Really nice explanation above.
When you say "SELECT E.*FROM EMPLOYEE EWHERE E.DEPTNO = (SELECT D.DEPTNO FROM DEPT D WHERE D.DEPTNO = E.DEPTNO);" error out when there are duplicates DEPTNO records in the DEPT table, what exactly you mean ?
Is there any such rule for co-related sub-query that Duplicates will cause error ??
Thanks in advance,
Thanks Santanu for the examples. I wanted to understand why the presence of duplicates will cause an error. I did a similar testing as you elaborated. Now, it's clear to me.
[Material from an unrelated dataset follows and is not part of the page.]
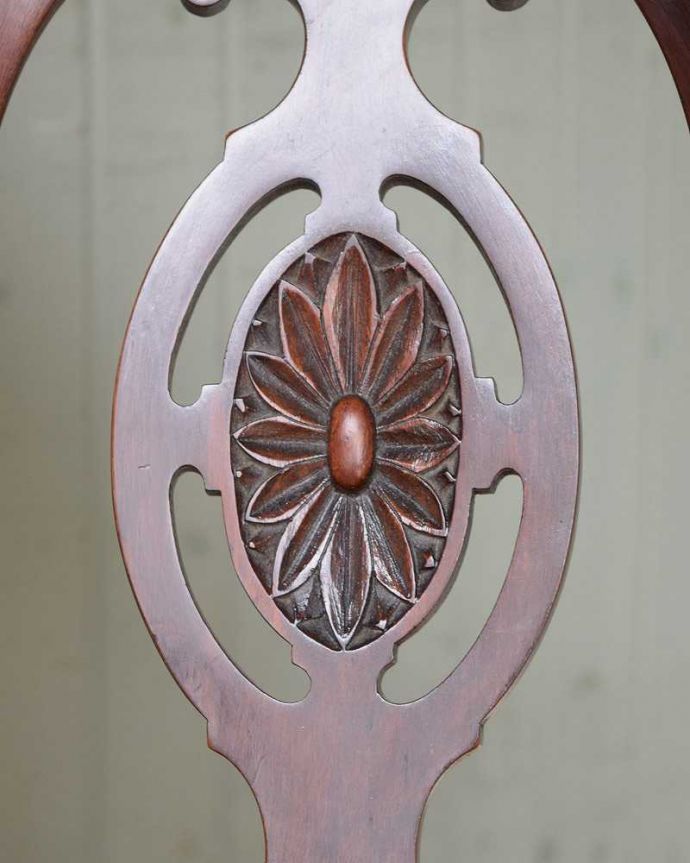 サロンチェア アンティーク チェア 美しすぎる彫が自慢、英国生まれのアンティークのアームチェア。細部にまでこだわりがアームの後ろまで豪華に彫りが施されています。(k-1344-c)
Pasting the code snippet for anyone else looking into the same topic.
CREATE TABLE TIM_1_0605
(EMPID INTEGER, SALARY FLOAT, DEPTID INTEGER)
INS INTO TIM_1_0605 VALUES(1,25000,01);
INS INTO TIM_1_0605 VALUES(2,35000,01);
INS INTO TIM_1_0605 VALUES(3,45000,01);
INS INTO TIM_1_0605 VALUES(4,25000,02);
INS INTO TIM_1_0605 VALUES(5,35000,02);
INS INTO TIM_1_0605 VALUES(6,55000,02);
INS INTO TIM_1_0605 VALUES(7,55000,03);
CREATE TABLE TIM_2_0605
(DEPTID INTEGER, DEPT_NAME VARCHAR(30))
INS INTO TIM_2_0605 VALUES(01,'SALES');
INS INTO TIM_2_0605 VALUES(02,'MARKET');
INS INTO TIM_2_0605 VALUES(02,'FINANCE');
SELECT A.* FROM TIM_1_0605 A INNER JOIN TIM_2_0605 B ON A.DEPTID EQ B.DEPTID; -- Returns 09 Rows
SELECT A.* FROM TIM_1_0605 A WHERE A.DEPTID EQ (SELECT B.DEPTID FROM TIM_2_0605 B WHERE A.DEPTID EQ B.DEPTID); --Errored Out Owing To "More Than 1 Values Returned By The Subquery"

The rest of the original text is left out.